Last night I read the story The Devil You Know (written by Devin Grayson, pencils by Roger Robinson, inks by John Floyd) in Gotham Knights #24 right before I went to bed, and then I couldn't fall asleep for quite some time. It's not that it was particularly scary, but I found it somehow disturbing to see Bruce like that.

Bruce is never the most stable person or mentally healthy superhero, and in Cavernous in Gotham Knights #18, we already see him talking to a bat in his cave as if it was a person and answered back, but during The Devil You Know Bruce is has clearly crossed the line to insanity, IMO. He not only talks to an embodiment of his Batman persona as if it was entirely separate from himself as Bruce, he also doesn't remember things he did not even a week prior as Bruce Wayne (though also on the urging of the "Batman" persona). I'm not familiar with all the nuances of psychiatric disorders, so I don't know if it's some disassociate state, or a multiple personality disorder, but as Bruce Wayne, when he is not becoming the Batman persona, he hears voices in his head, urging him to do things (like to buy the weapon to overcome his fear of firearms as Bruce Wayne, not only as "Batman"), things he then later doesn't remember doing, he sees and talks to entities existing only in his head, and I found that absolutely chilling. Especially because Bruce seems to be almost afraid that "Batman" could abandon him, or more likely completely swallow and suppress the "Bruce Wayne" part of his person, if Bruce doesn't do the things it demands, like mastering firearms as Bruce Wayne, not only as Batman. It says to Bruce: "I don't carry dead weight. If you want me to believe that you've conquered your fears--you'll have to prove it." And during that scene Bruce stands there small and dejected, while the Batman is looming and larger than life. And the last image of Bruce kneeling in front of the painting of his parents, crying with the Batman casting its shadow over him and his parents' picture, when he wasn't able to practice with the hated gun as Bruce, even though he had given in to the Batman and bought one...wow.

I haven't read the other Batman titles from around that time yet, not even all the Gotham Knights issues (so far only #14-23), so I'm not familiar with all that led to this breakdown, but even without context this story packed quite a punch for just 22 comic pages.

I really hope they follow up on this breakdown in the next issues, which is the Bruce Wayne: Murderer? story. Unfortunately I haven't managed to get all parts of that one yet. I'm still missing Birds of Prey #39, Nightwing #66, and Robin #98, i.e. part five, six and nine of the thirteen parts (twelve and a prologue).
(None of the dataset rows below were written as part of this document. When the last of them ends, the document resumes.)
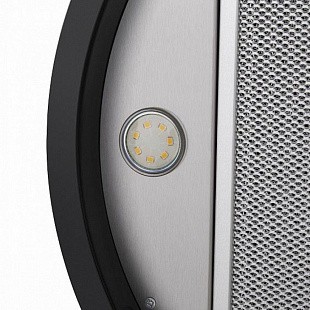 Вытяжка HOMSAIR FLY 1000SD 39 НЕРЖАВЕЮЩАЯ СТАЛЬ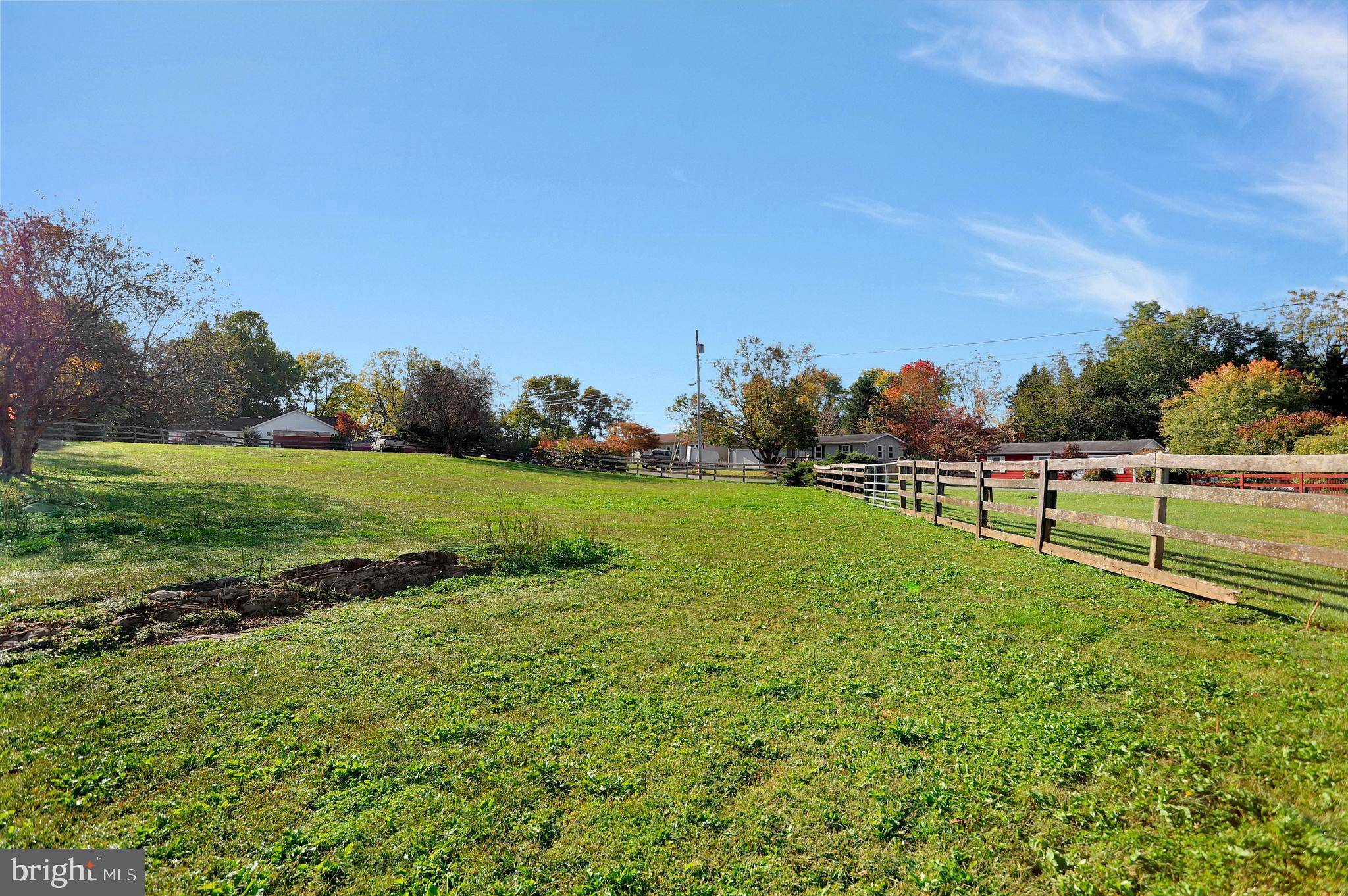 Charles Town, WV 25414,IRIS WAY LOT 11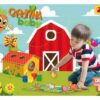 3D Пъзел Carotina Baby Happy Farm за деца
Those are the moments when my "comic collector self" is at odds with my "comic reader self." After some research comparing the TPBs with the single issues, I've decided to get the single issues, also because I've been not really happy with the collections of Officer Down and Hunt For Oracle, which both are also missing parts. Officer Down is missing Batgirl #12, and Hunt for Oracle Birds of Prey #19 which according to DC's description is already an x-over issue, a prelude to the Hunt For Oracle story line, and in Birds of Prey #20 (which is reprinted) they refer to meeting then. Not to mention that the TPB ends in a cliffhanger, though I guess that's unavoidable since it seems to be the start of the whole next arc in the BOP series, still it sort of sucked reading a TPB ending in such way. Also in the Nightwing TPBs I've noticed that sometimes not all pages of the issues are reprinted.
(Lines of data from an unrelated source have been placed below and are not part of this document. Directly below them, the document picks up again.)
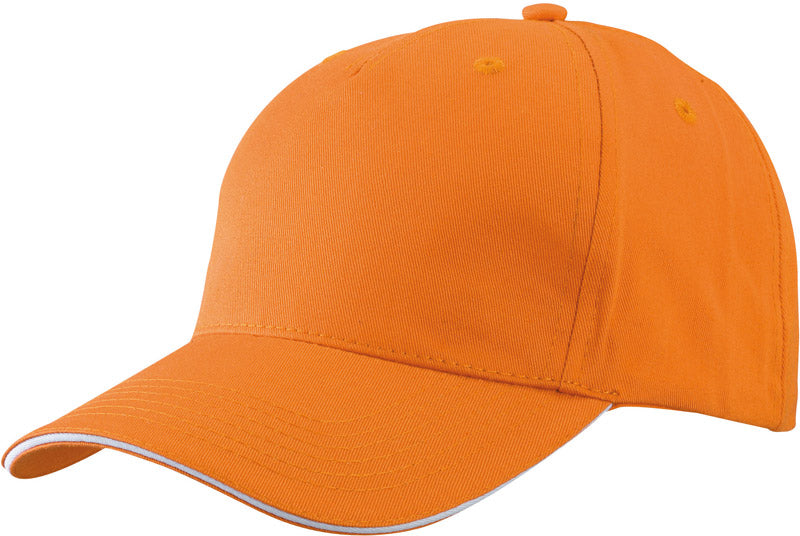 Myrtle Beach | MB 6526 orange/white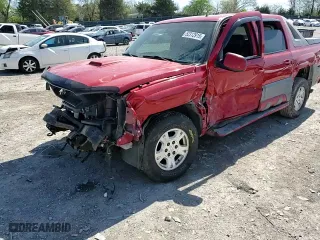 2002 Chevrolet Avalanche with VIN 3GNEK13T92G121899, listed as a Copart auction lot 52312915 with 422,176 mi miles and Salvage Title. Bid and sale history available at carsss.com. Image 10.
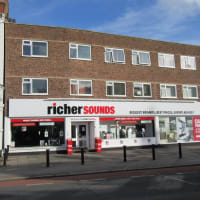 Richer Sounds Near Swiss Cottage Tube Reviews Yell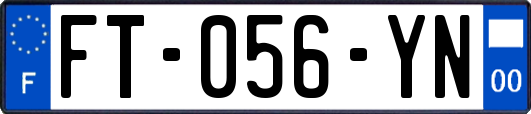 FT-056-YN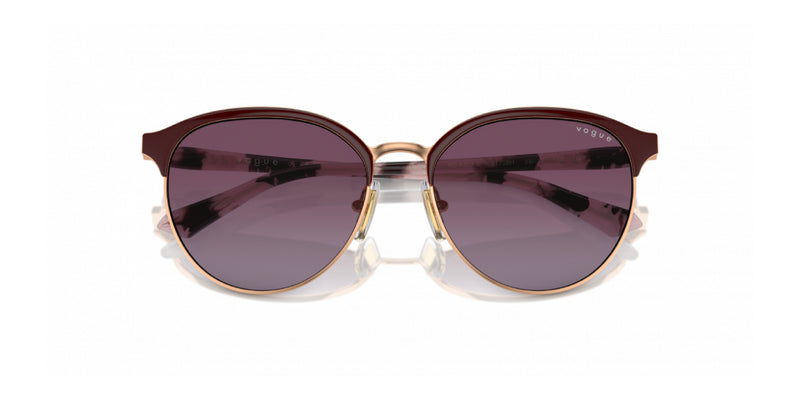 Lentes de Sol Vogue Eyewear 0VO4303S Dorado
Still to get most of the parts of a story fast the TPBs (when available) are the most convenient method. But as a collector there is little fun in simply ordering a TPB and have the story all at once. For a while I hadn't seriously indulged in collecting, and just bought mostly new comics, and I had almost forgotten how much fun it is to track down back issues. It is of course incredibly frustrating as a reader to miss some comic book right in the middle of a story, and to either skip parts, or wait with reading the others, but as a collector there is a lot of fun (at least for me) in looking for comics, in browsing through comic stores and on-line shops with a list of comics I'm looking for and then finding some of them, and crossing another item of my list. That only turns into frustration when I'm unable to find a comic for years despite efforts, or simply can't afford it.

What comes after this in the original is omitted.